**BRIEF**
Set down exactly the lines from the one containing "ニコラッシュ 富沢店(nic" through the last line of the records below, both included, and nothing else.

**** AVAILABLE RECORDS ****

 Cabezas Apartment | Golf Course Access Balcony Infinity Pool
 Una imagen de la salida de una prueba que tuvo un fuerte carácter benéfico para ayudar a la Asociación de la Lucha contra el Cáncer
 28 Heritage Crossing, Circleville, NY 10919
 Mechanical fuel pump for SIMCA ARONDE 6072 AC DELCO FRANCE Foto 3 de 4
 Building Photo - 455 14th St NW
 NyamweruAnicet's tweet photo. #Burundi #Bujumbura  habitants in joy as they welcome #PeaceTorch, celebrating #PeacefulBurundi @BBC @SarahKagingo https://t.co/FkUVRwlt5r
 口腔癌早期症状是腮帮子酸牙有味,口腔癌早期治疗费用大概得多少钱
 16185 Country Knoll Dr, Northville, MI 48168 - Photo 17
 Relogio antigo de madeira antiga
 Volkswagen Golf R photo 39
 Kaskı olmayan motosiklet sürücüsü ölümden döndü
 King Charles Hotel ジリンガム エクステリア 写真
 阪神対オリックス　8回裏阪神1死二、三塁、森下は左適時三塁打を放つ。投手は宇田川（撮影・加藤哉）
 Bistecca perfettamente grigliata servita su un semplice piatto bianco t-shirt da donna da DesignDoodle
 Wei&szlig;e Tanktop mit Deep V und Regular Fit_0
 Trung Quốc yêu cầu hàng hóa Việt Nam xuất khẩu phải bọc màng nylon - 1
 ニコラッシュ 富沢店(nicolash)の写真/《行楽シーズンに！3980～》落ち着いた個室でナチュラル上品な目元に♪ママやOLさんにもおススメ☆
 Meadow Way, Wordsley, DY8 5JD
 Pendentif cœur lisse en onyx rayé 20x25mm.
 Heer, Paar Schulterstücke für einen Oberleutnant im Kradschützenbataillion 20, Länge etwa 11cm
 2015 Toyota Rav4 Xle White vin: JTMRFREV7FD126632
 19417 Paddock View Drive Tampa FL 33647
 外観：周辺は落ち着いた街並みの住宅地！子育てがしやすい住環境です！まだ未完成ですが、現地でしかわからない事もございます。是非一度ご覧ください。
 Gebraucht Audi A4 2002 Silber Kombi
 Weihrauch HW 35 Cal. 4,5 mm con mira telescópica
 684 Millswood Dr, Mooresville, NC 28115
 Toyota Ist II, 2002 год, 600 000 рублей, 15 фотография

****

**YOUR RESPONSE**
 ニコラッシュ 富沢店(nicolash)の写真/《行楽シーズンに！3980～》落ち着いた個室でナチュラル上品な目元に♪ママやOLさんにもおススメ☆
 Meadow Way, Wordsley, DY8 5JD
 Pendentif cœur lisse en onyx rayé 20x25mm.
 Heer, Paar Schulterstücke für einen Oberleutnant im Kradschützenbataillion 20, Länge etwa 11cm
 2015 Toyota Rav4 Xle White vin: JTMRFREV7FD126632
 19417 Paddock View Drive Tampa FL 33647
 外観：周辺は落ち着いた街並みの住宅地！子育てがしやすい住環境です！まだ未完成ですが、現地でしかわからない事もございます。是非一度ご覧ください。
 Gebraucht Audi A4 2002 Silber Kombi
 Weihrauch HW 35 Cal. 4,5 mm con mira telescópica
 684 Millswood Dr, Mooresville, NC 28115
 Toyota Ist II, 2002 год, 600 000 рублей, 15 фотография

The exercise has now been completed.